Mentre la Cina faceva così una figuraccia planetaria, un altro scandalo scoppiava tra le mani di Xi Jinping.

Da qualche tempo i virologi s’interrogavano su alcuni paradossi della pandemia da COVID 19 come, ad esempio, quello cileno. Il Cile è il terzo paese al mondo per numero di vaccinati in proporzione alla popolazione. Eppure, è alle prese con una terza ondata che ha sorpreso gli esperti, facendo saltare in aria tutte le proiezioni. Come mai? La risposta potrebbe trovarsi in alcuni studi che stanno venendo adesso alla luce sull’efficacia del vaccino cinese, il più usato in America Latina. Supera appena il 50%! Niente a confronto, per esempio, dell’efficacia del vaccino Pfizer BioNtech, che è del 97%.

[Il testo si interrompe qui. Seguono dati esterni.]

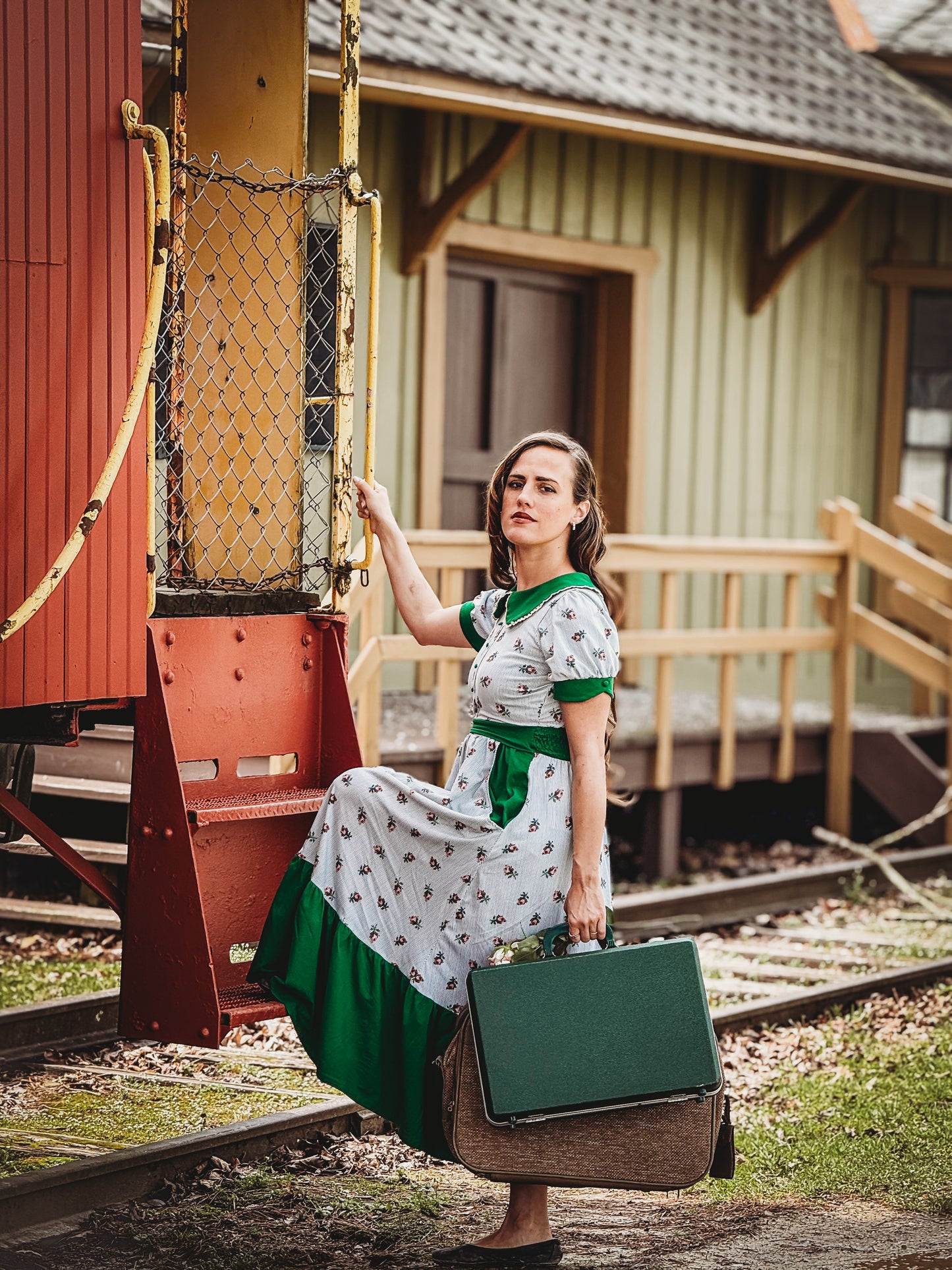 woman wearing a green and white striped modest nursing dress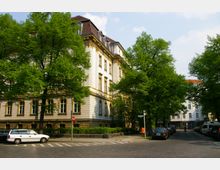 Historisches Wohn- oder Verwaltungsgebäude mit heller Fassade und großen Fenstern, umgeben von grünen Bäumen. Im Vordergrund eine gepflasterte Straßenecke mit parkenden Autos und einem Gehweg.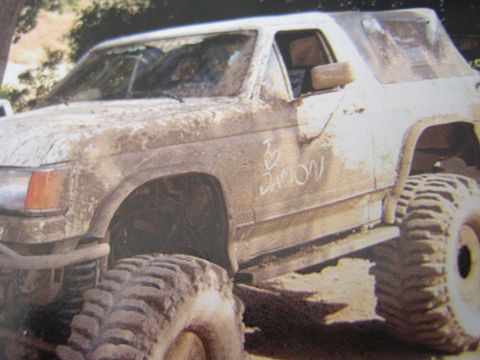 1990 Ford Bronco - heavily mud-covered lifted white two-door SUV sits on oversized off-road tires with handwriting on its door.
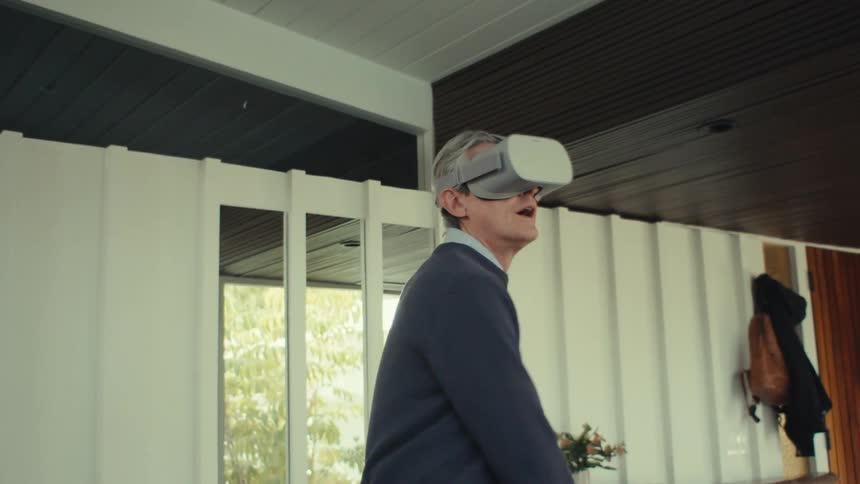 A person wearing a virtual reality headset is standing in a modern welllit room interacting with the virtual environment using hand gestures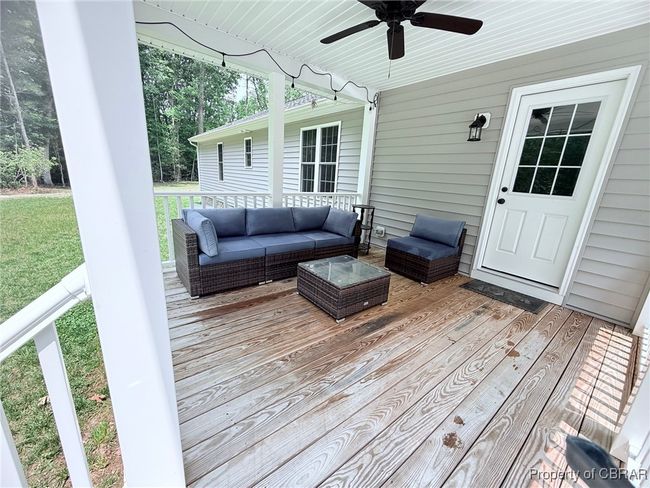 Wooden deck with ceiling fan, an outdoor living space, and a spacious lawn for the children to have a wonderful play area or just relax and enjoy the wildlife. | Image 13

Il campanello d’allarme è suonato in Brasile. Un ampio studio condotto da un pool di specialisti e pubblicato dall’Agência Nacional de Vigilância Sanitária, ha rivelato che l’indice di efficacia del vaccino cinese è del 50,38%, appena sopra il limite OMS per essere considerato un vaccino, cioè il 50%.

Costretta dalla cattiva pubblicità, la Cina ha dovuto fare un mea culpa. Gao Fu, direttore del Centro nazionale di controllo e prevenzione delle malattie, ha dovuto ammettere: “Il nostro vaccino non ha un indice di protezione molto elevato”.